- Type: Formation
- Underlies: Cutoff Shale
- Thickness: 1,000 m (3,300 ft)

Lithology
- Primary: Limestone
- Other: Shale, sandstone

Location
- Coordinates: 31°51′03″N 104°58′54″W﻿ / ﻿31.8508°N 104.9817°W
- Region: Texas New Mexico
- Country: United States

Type section
- Named for: Bone Spring Canyon
- Named by: Blanchard and Davis
- Year defined: 1929

= Bone Spring Formation =

Geologic formation in Texas and New Mexico, US

The Bone Spring Formation is a geologic formation found in the Delaware Basin in Texas and New Mexico. It preserves fossils dating back to the Leonardian Age of the Permian Period.

==Description==
The formation consists of dark gray deep marine limestone interbedded with shale and sandstone interpreted as turbidites. The total thickness is about 1000 meters. The base of the formation is largely concealed in the subsurface, and the formation is overlain by the Cutoff Shale. The formation grades laterally into the Victorio Peak Formation.
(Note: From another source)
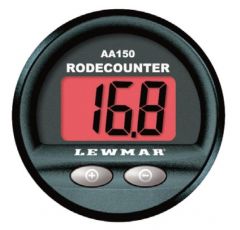 Contametri Lewmar AA150 (funzioni base)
The uppermost shale beds of the formation have been assigned to the Avalon Shale.

==Fossils==
The formation contains fossils of the brachiopods Productus leonardensis, Marginifera cristobalensis, Pugnoides texanus, P. bidentatus, and Composita mexicana; the ammonites Peritrochia erebus, Paracelites elegans, Agathiceras texanum, and Perrinites.

==History of investigation==
The formation was first designated the Bone Springs Limestone by Blanchard and Davis in 1929. It has subsequently been demoted to membership as the Bone Canyon Member of the Leonard Formation, renamed the Bone Spring Limestone, and most recently redesigned the Bone Spring Formation. The Cutoff Shale was removed as a separate formation in 1964.

==Economic geology==
The sandstones of the Bone Spring Formation are important petroleum reservoirs with estimated reserves in 1997 of 300,000–375,000 bbl. The formation lies deep in the subsurface in the Delaware Basin, where its shale facies is known as the Avalon Shale.